Tuskys fall reveals rot in family-owned businesses
The curtains have fallen at last on what was one of the biggest testaments to Kenyan entrepreneurship, Tuskys Supermarket.
Last week, the High Court ordered the liquidation of the company. Justice David Majanja stated that the value of the company’s assets, at Sh6 billion, could not cover its Sh20 billion liabilities. It was impossible for the company to ever settle its massive debts.
Tuskys collapse in slow motion was a long-running soap opera. It was the culmination of a mishmash of bad business decisions, hubris, family feuds, brothers at daggers drawn, and sheer bad corporate governance.
At its height, Tuskys was the largest supermarket in Kenya, with aggressive expansion into the neighbouring countries. Paradoxically, at that point, nobody could have ever predicted that the core was rotten.
The collapse and subsequent liquidation of Tuskys Supermarket is symptomatic of the problems that are bedeviling many family-owned businesses in Kenya.
And the picture is not pretty. The story is usually typical. A patriarch starts a small business to fend for his family, either on his own, or with his spouse. After initially struggling for several years, the business finally makes a breakthrough, and becomes a major enterprise.
As the patriarch ages, he fails to create proper succession mechanisms, or even inducts his children into learning the ropes of how to run the business, or the value of hard work.
Eventually, the patriarch passes on, and the children take over the reigns of the company.
It is at this point that all the errors of omission and commission by the patriarch come to the fore.

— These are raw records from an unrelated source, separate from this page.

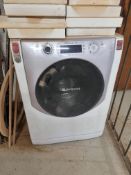 Hotpoint Aqualtis Super Silent Washer/Dryer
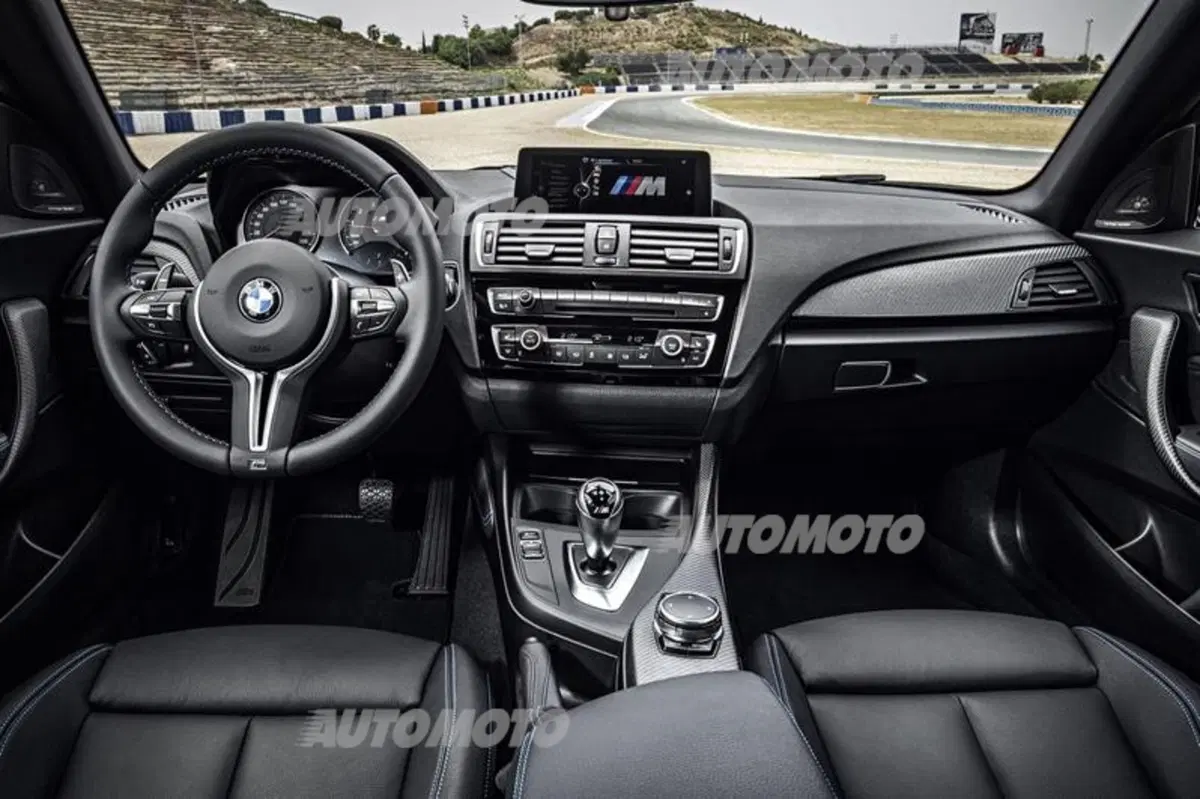 BMW M2: 370 CV di puro godimento (31)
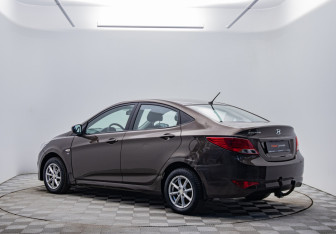 Подержанный автомобиль Hyundai Solaris Sedan 2016 года (7 фото)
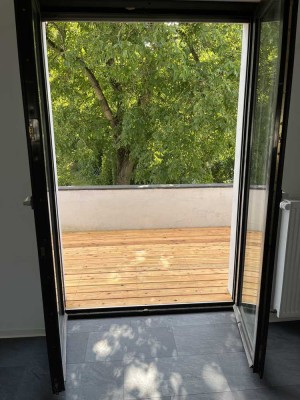 Schöne 2Zimmer Altbau-Wohnung mit neuer Einbauküche Nähe Bunter Garten und Kliniken Maria Hilf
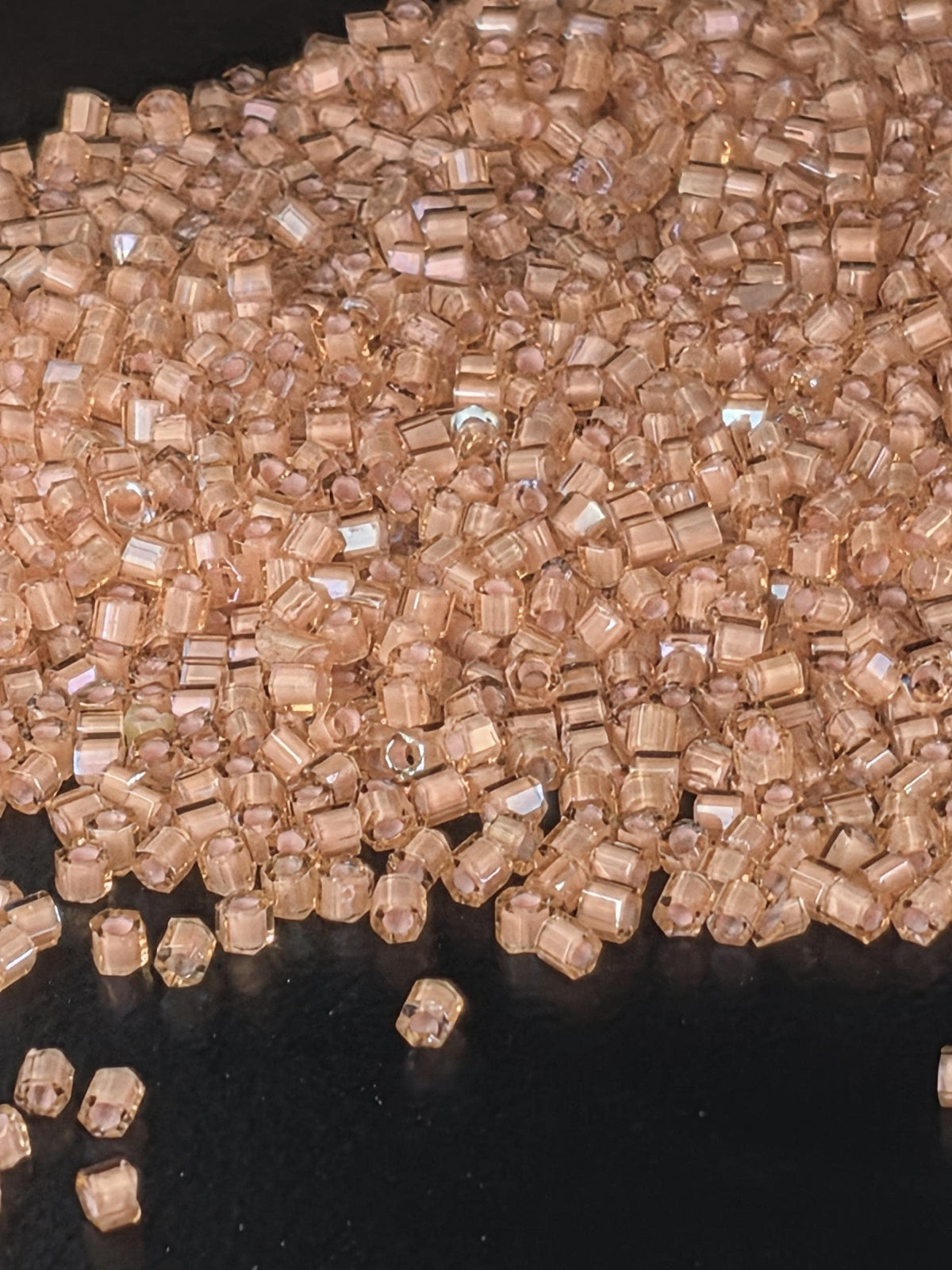 Toho Hexagon 15/0 Seed Beads | Inside-Color Lt Topaz/Peach-Lined, 2.5" Tube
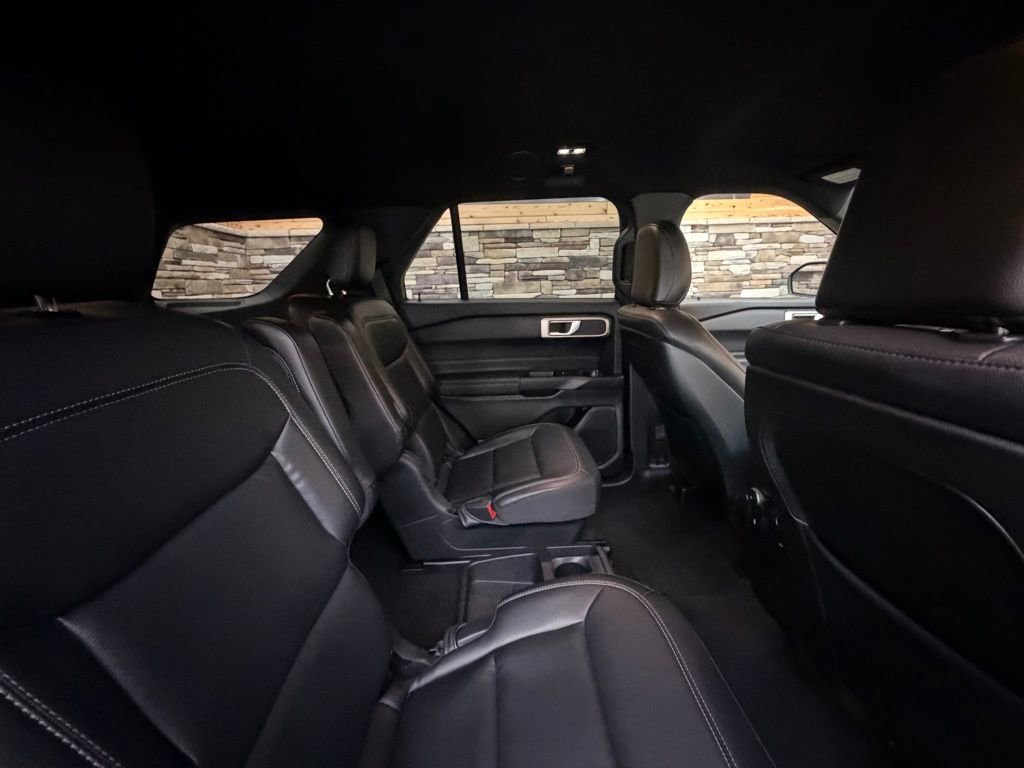 Used 2020 Ford Explorer XLT w/ Equipment Group 202A image 31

The children started slugging it out for control of the business. Some rush to the court to issue injunctions against their own siblings. As this battle is going on, staff in the business get disoriented. The more malevolent of them take advantage of the situation and start pillaging the company. And then the usual red flags start appearing.
Salaries start getting delayed. Suppliers payments start getting pushed back. There is no executive leader in the company because the siblings are pulling in different directions. Eventually, creditors start going to court to sue to get paid. From there, it is all the way downhill. The sad thing about this saga is that family-owned businesses represent Kenya’s best opportunity of growing a world-beating entrepreneurial class. The troubling thing is that the collapse of family owned business enterprises, even those that have made it big, is nothing new. But nobody learns. The founders of those family businesses seem to fall into the very same trap that dealt a fatal blow to their contemporaries.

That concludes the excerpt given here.